I drive a 2005 Nissan X-Trail LE and I'm dissapointed with how much interior heat gets produced. I live in a Canadian prairie climate where it can get down to -30 degrees celcius on occasion in the winter. When this happens it seems the only way to get decent heat is to keep the car in motion. When idling it is very difficult to get any heat. Yesterday in a coffee shop drive thru, it just seemed to be blowing cool air. I know our climate is harsh, but it's not that bad. My wife's 2003 Honda Civic for example still produces great heat in these circumstances and in fact she often turns down the heat. How unfair! 
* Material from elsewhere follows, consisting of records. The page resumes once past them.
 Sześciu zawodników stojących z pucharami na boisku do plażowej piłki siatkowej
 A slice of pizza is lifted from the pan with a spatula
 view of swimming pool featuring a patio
Is this common for this model? Being less than 3 years old and less than 65k on it, I'd be suprirsed if it's mechanical...buy hey, you never know. Thoughts anyone? Maybe this model had no business being introduced into the Canadian marketplace?

Thanks!


----------



## Revhead Kev (Apr 1, 2007)

Have you felt the inlet and outlet hoses for the cabin heat exchanger to see if they get cooler when the engine is idling as opposed to when the engine is running normally ?


----------



## Xtrailguy (Mar 9, 2006)

I wonder if the thermostat is sticking? I never have a problem with heat in the XT. If anything, it can get too hot on times. Then again, you get a lot colder temps on the Prairies.


----------



## Revhead Kev (Apr 1, 2007)

There are actually 2 thermostats in the Xtrail.
One is the main thermostat for cooling the cylinder head and the other is the water control valve for cooling the block and opens at a higher temp than the main thermostat.
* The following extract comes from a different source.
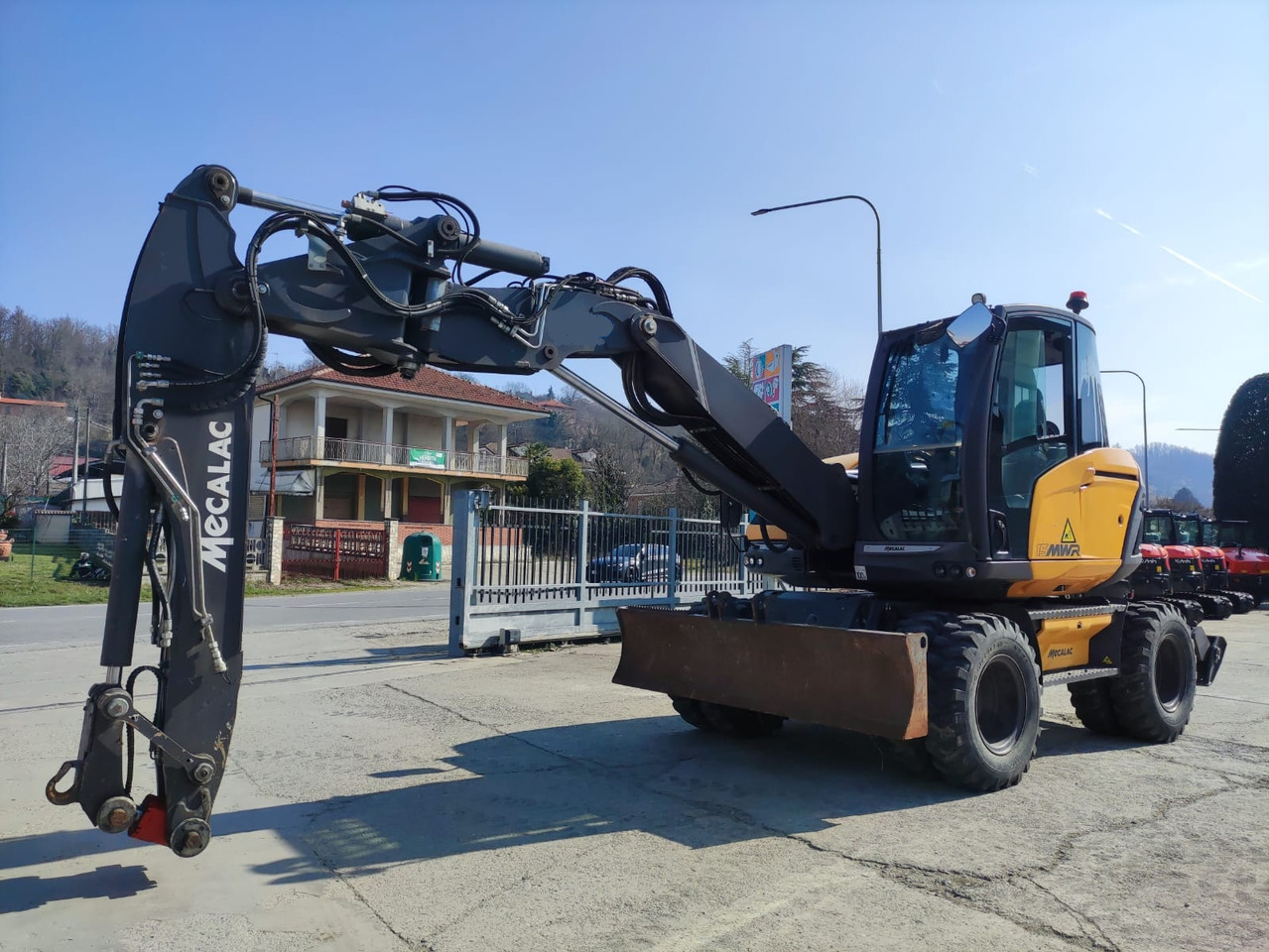 MECALAC 15 MWR - حفار ذو عجلات: صورة 1 MECALAC 15 MWR - حفار ذو عجلات: صورة 1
Which one were you referring to ?


----------



## Xtrailguy (Mar 9, 2006)

I guess the XT is not like the traditional setup where a thermostat opens and allows coolant to circulate through the heater core? I'm not sure, it was just a thought. A lot of my older vehicles would not produce good heat if the thermostat was sticking.


----------



## BrianJ (Nov 3, 2006)

I live in the same conditions and don't have that problem; I can sit idling in the Safeway parking lot waiting for the wife and it blows good heat. It does take a little while from a cold start, but most modern efficient engines seem to take a little while before they have heat to spare. On the other end of the spectrum, I will say that on a very hot, humid day in the summer, the air conditioning is fairly useless when idling.


----------